Berenice Sydney (1944–1983), or ‘Berenice’ as she was professionally known, was a dynamic and hugely talented British artist who produced an astounding body of work in a career that was tragically curtailed by her death a little before her 39th birthday.
In recognition of her outstanding contribution, her oeuvre, which comprised paintings in oil on canvas, drawings, prints, performance and costume designs, was celebrated a year following her death at the Royal Academy, London, in a show entitled ‘Salute to Berenice’. Today, her work is held in scores of important private and public collections, including those of Tate Gallery, the Victoria & Albert Museum and the Smithsonian, Washington and she continues to be exhibited, most recently in 2018 at the Saatchi Gallery in ‘Dancing with Colour’, a solo show of her paintings organised in collaboration with Mallett Fine Art and the Dreweatts Auctioneers.
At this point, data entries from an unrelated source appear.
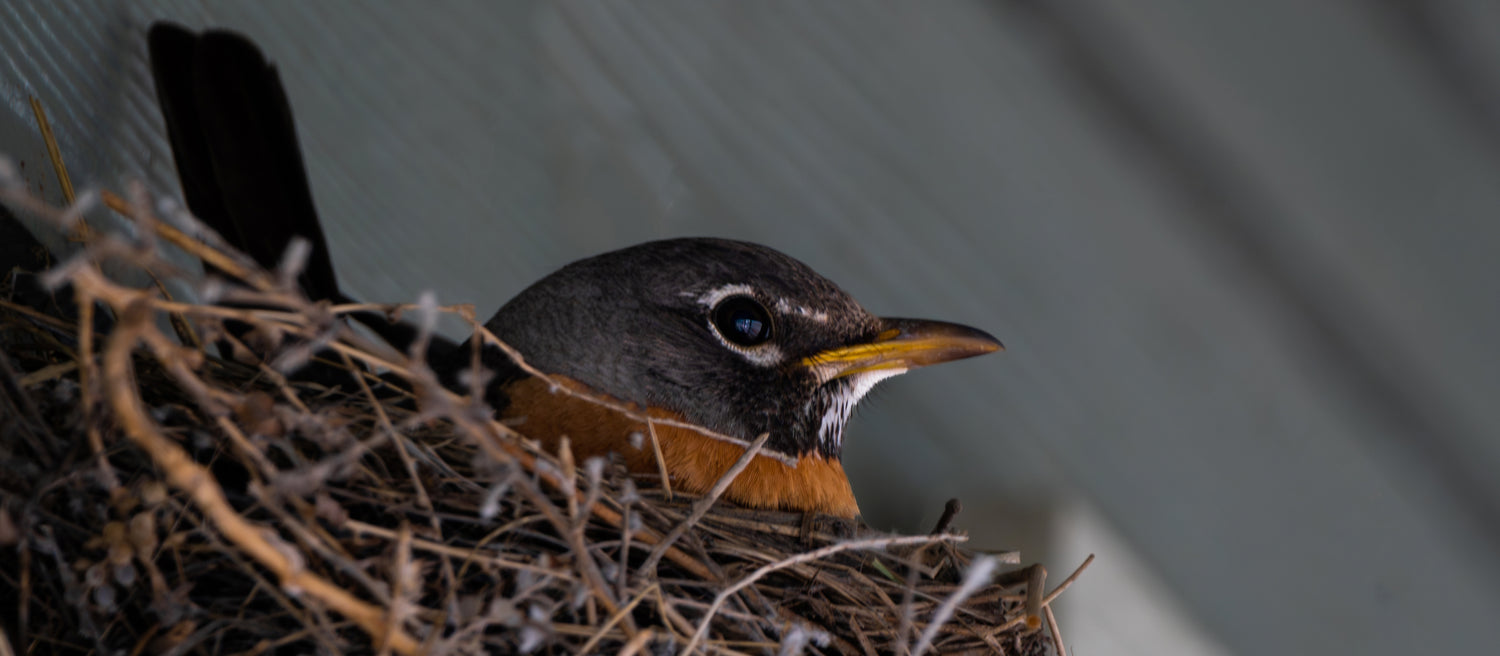 Nesting Habits of Birds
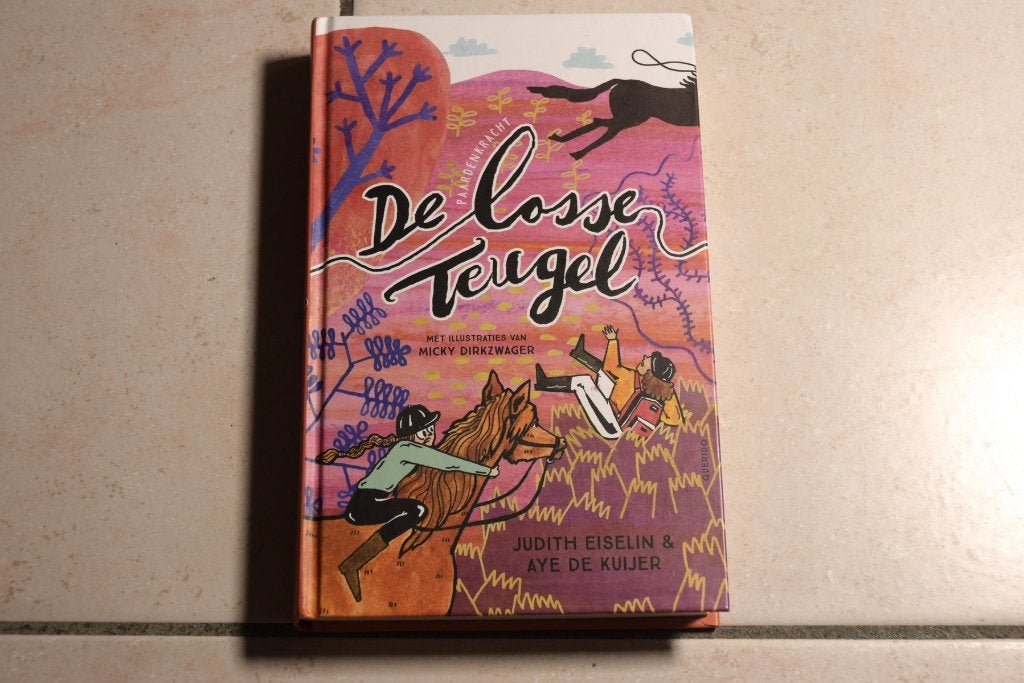 De losse teugel / Judith Eiselin & Aye de Kuijer, Ophalen of Verzenden, Zo goed als nieuw, Fictie algemeen
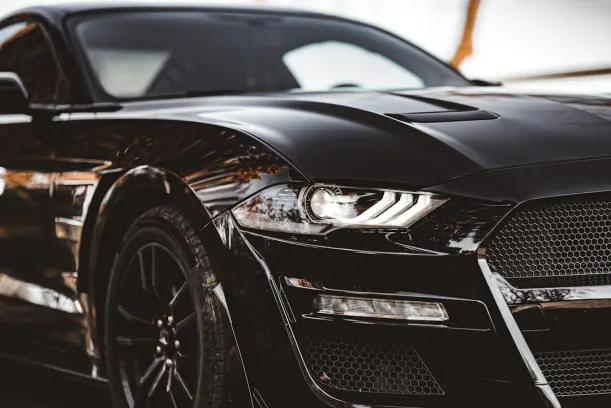 스피날롯 카지노 안드로이드/iOS 앱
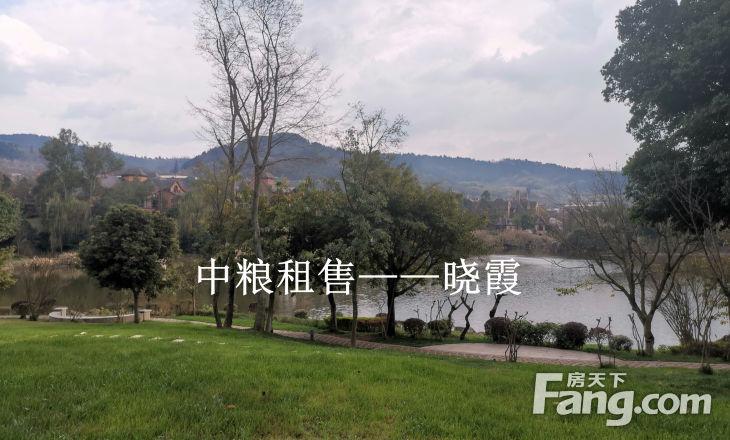 精装房独栋价格630万哦,成都龙泉驿阳光城中粮御岭湾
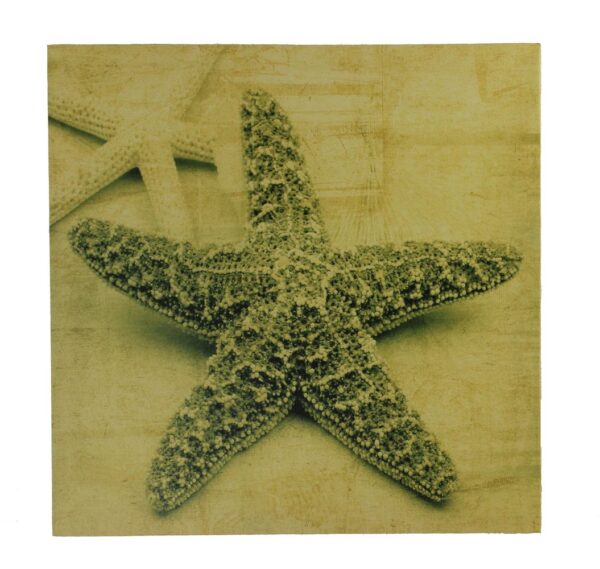 16" Sepia Starfish Stretched Canvas Print - Hanging Wall Decor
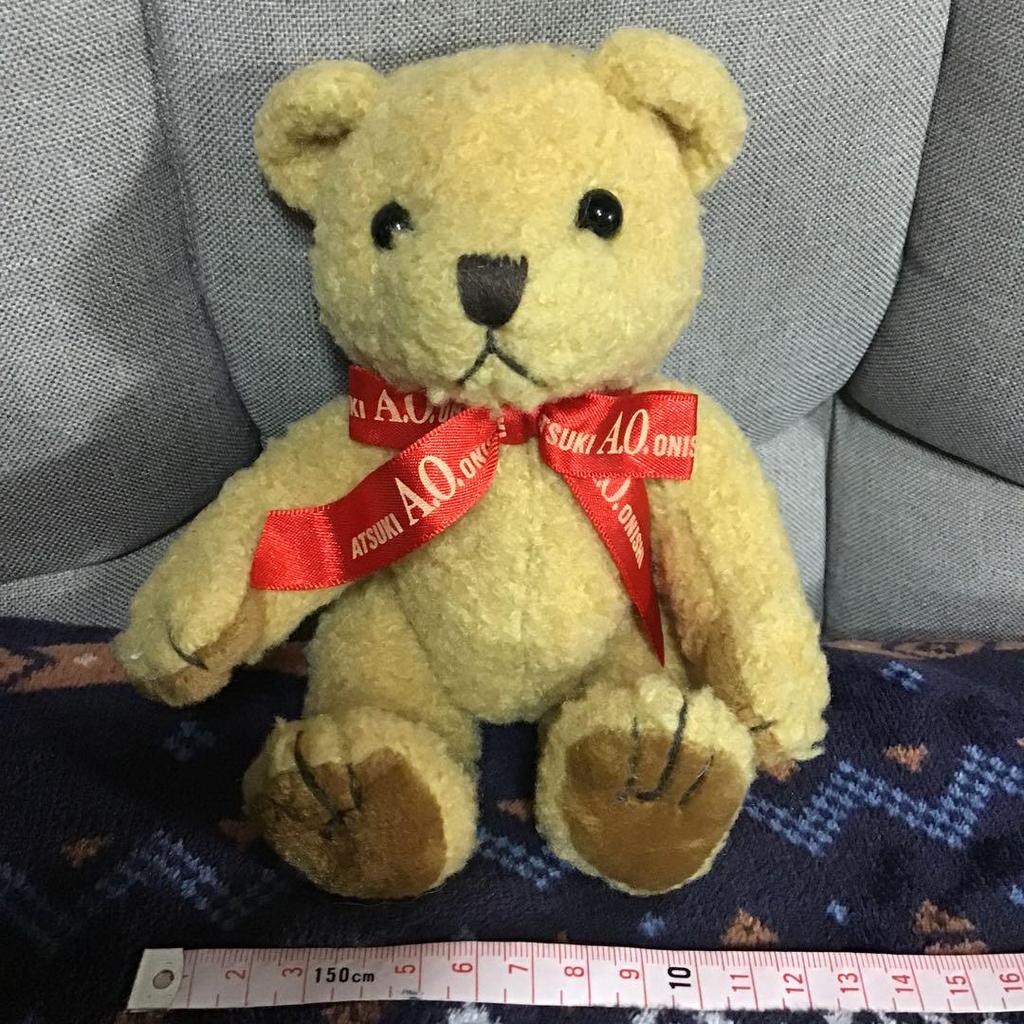 [USED] Atsuki Onishi Teddy Bear Nu143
Dancers from Semaphore Ballet Company, Royal Academy of Dance, perform at Saatchi Gallery’s ‘Dancing with Colour’ (photograph by Alexander Yip photography). The exhibition contextualised Berenice Sydney’s work within the canon of Modern British painting in an effort to recognise her importance and bring her to wider public attention.
Work & Influences
Berenice led an astonishingly full creative life. Born in Esher, Surrey in 1944, she was educated from the age of six at the Lycée Français Charles de Gaulle in London where, inevitably, she became fluent in French; however, she went on to become fluent in five languages, travelling widely throughout her life. She embraced the histories, cultures and mythologies of the places she visited; these were fertile ground for the subject matter of her early figurative work, which contains motifs and themes from Persian and Greek mythology.

IMAGE: Psyche and Eros, from a series of drawings and linocuts based on mythology; her stylistic use of the silhouette and black figures incised often in full or three-quarter profile draws from the vernacular of Greek pottery.
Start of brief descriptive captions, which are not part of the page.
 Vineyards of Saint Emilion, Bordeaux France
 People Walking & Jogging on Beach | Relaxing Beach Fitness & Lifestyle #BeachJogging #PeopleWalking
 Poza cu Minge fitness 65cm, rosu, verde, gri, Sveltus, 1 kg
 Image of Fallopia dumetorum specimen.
From an early age Berenice studied ballet with the renowned Marie Rambert and classical guitar with Adele Kramer; these were passions that occupied her into adulthood when she balanced studio life with training at the Covent Garden Dance Centre and flamenco studies in Hampstead and New York.
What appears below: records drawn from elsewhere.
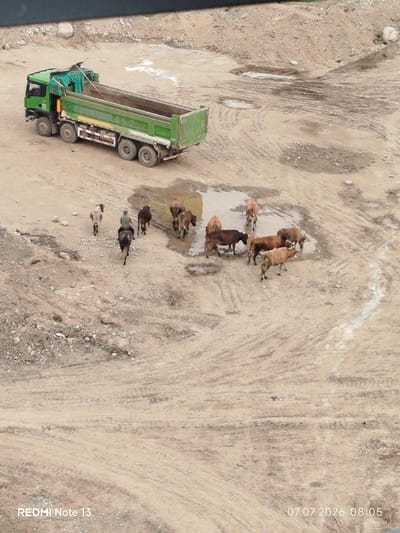 A green dump truck is parked on a dirt ground. Several cows are gathered around a puddle of water. A person is riding a horse and appears to be herding the cows. The environment is barren and dusty, with some rocks and tire tracks visible on the ground. The image is dated July 7, 2026, at 08:05.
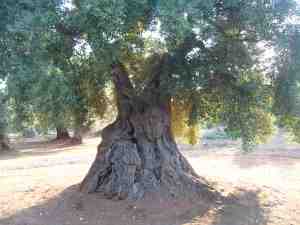 albero
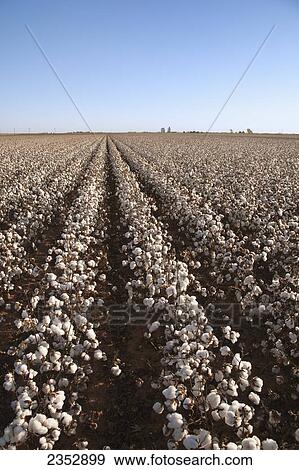 Stock Photo - Agriculture - Large field of mature defoliated high-yield stripper cotton at harvest stage in Autumn. This crop has a yield potential of 3 to 4 bales per acre / West Texas, USA.. Fotosearch
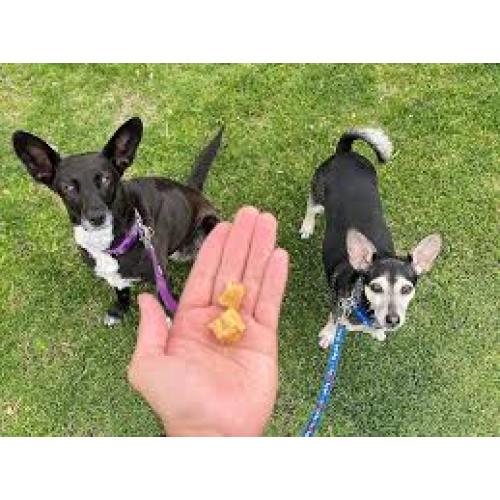 Redbarn All-Natural Air Dried Chicken Training Treats for Puppies & Dogs  8oz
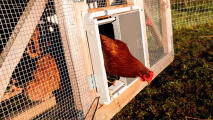 Kyckling som kliver ut ur en Omlet Autodoor fastsatt i en träkoja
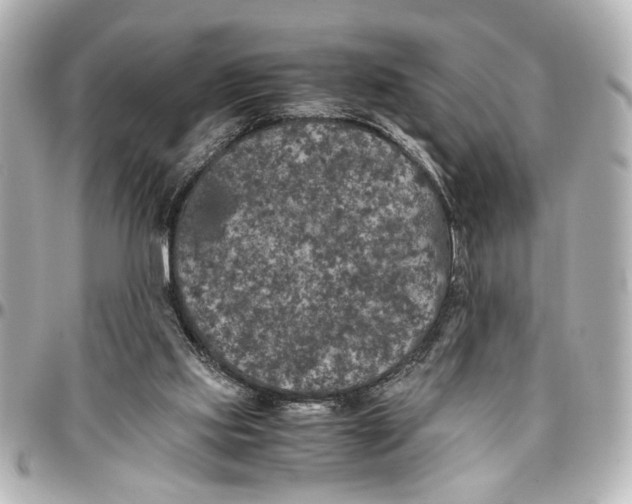 X0000096730061200802261503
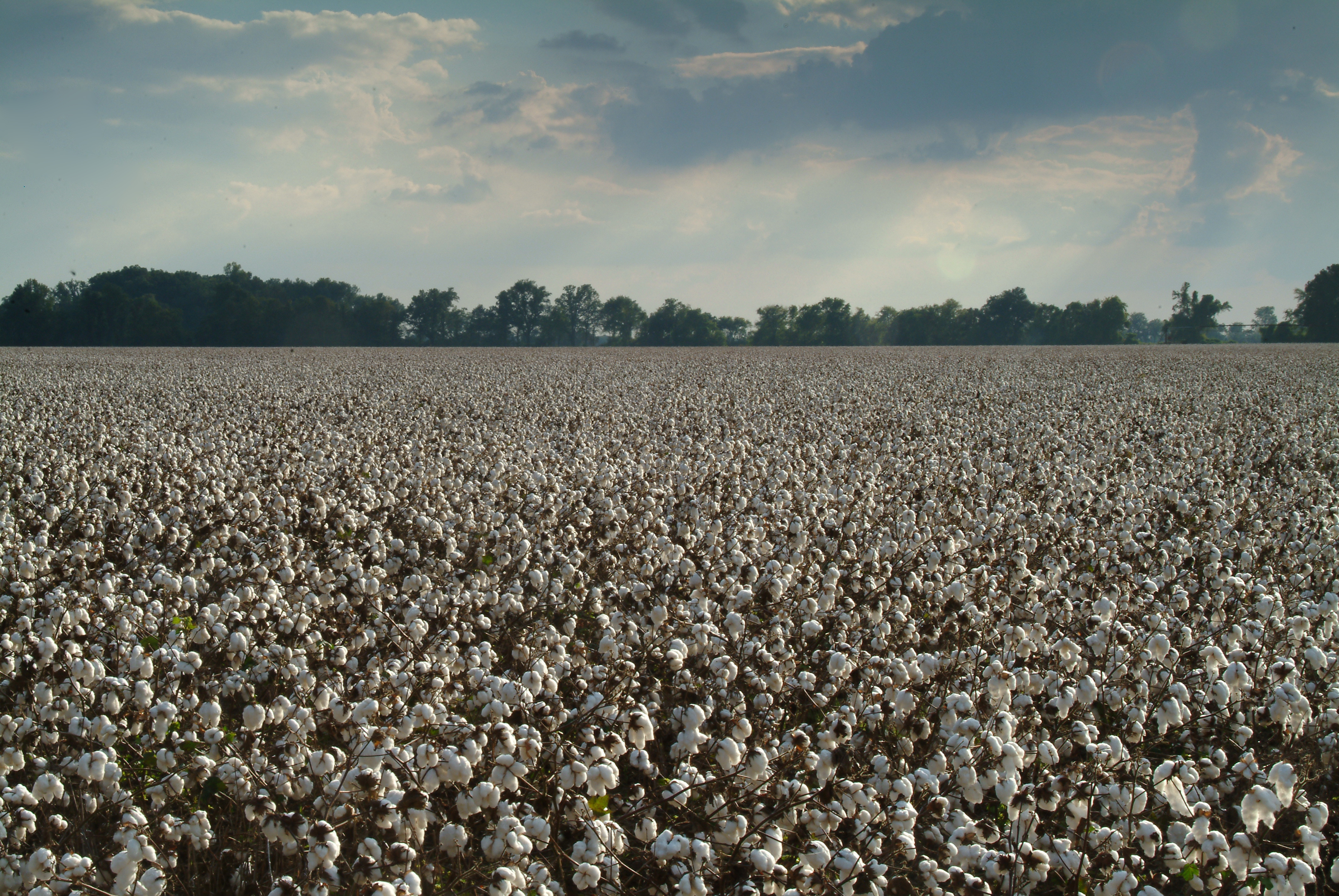 The cotton is ready to pick.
Her love of these sister arts informed her work always. Her early figurative pieces are alive with the joy of music and dance; tangible both in their subject matter and style. Her drawings combined fluid lines with spontaneous, dynamic, gestures in the manner of the Fauvist painters, who were key influences on her practice.
As her work evolved, it moved towards semi-abstraction. Her untitled 1966 oil on canvas marks a key moment in this evolution and demonstrates her gift as a colourist. Most notably, it makes explicit reference to the influence of the artist Matisse, the rhythms and colour frame here directly echoing that of this 1909 study ‘Dance I’.


Berenice was always experimental in her approach. Her playfulness with colour, form and rhythm eventually lead her to abandon figurative work altogether, in favour of full-abstraction. She made prints that have been called Calder-esque in their use of bold colour and their examination of the relationship between form and movement. However, their approach to representation might also be compared to Jean Arp’s; like his her abstract compositions have an organised abstract language that seems to describe organic forms.

Her later oil paintings have a decisive kinetic energy that aligns her with Bridget Riley and others of the Op Art movement. In them she developed the vocabulary that began in her screenprints and etchings. Abstract shapes based on specific organic forms – ovals, lines, swirls, curves, triangles – exist in vibrant, pulsating, relationships with each other. These works are non-representational, yet firmly rooted in nature, depicting a world memorably described as Berenice’s own floating cosmos. And, if Henri Matisse’s influence prevailed, they perhaps were indeed the realisation of an attempt to present her interior vision of the world ‘as directly as possible and by the simplest means’[1].
Certainly by the early 1970s Berenice was entering the mid-point of an exciting and flourishing career. She was exhibiting widely and successfully in group and solo shows, at the Leicester Galleries in London for example, Kenwood House and the Leicester Museum and Art Gallery; she had been chosen to represent Britain in the Biennale della Grafica m’Arte, Florence; and she had begun teaching, delivering a series of lectures and workshops on etching at Leeds University. Before her death she would have participated in 40 exhibitions worldwide.
So, although Berenice Sydney died shortly before her 39th birthday, her career was substantial to say the least; if somewhat overlooked as in the case of many women artists. She was largely self-taught, having cut short her education at Central School of Art & Design, considering herself ill-suited for formal training in art, to set up her own studio in Chelsea. Her impatience to practice unrestrained by academic systems seems to have made utter sense. She was voraciously experimental, intellectual and driven. Her body of work was prolific. And she was arguably one of the most talented and original artists working in Britain in the late 1960s and early 1970s.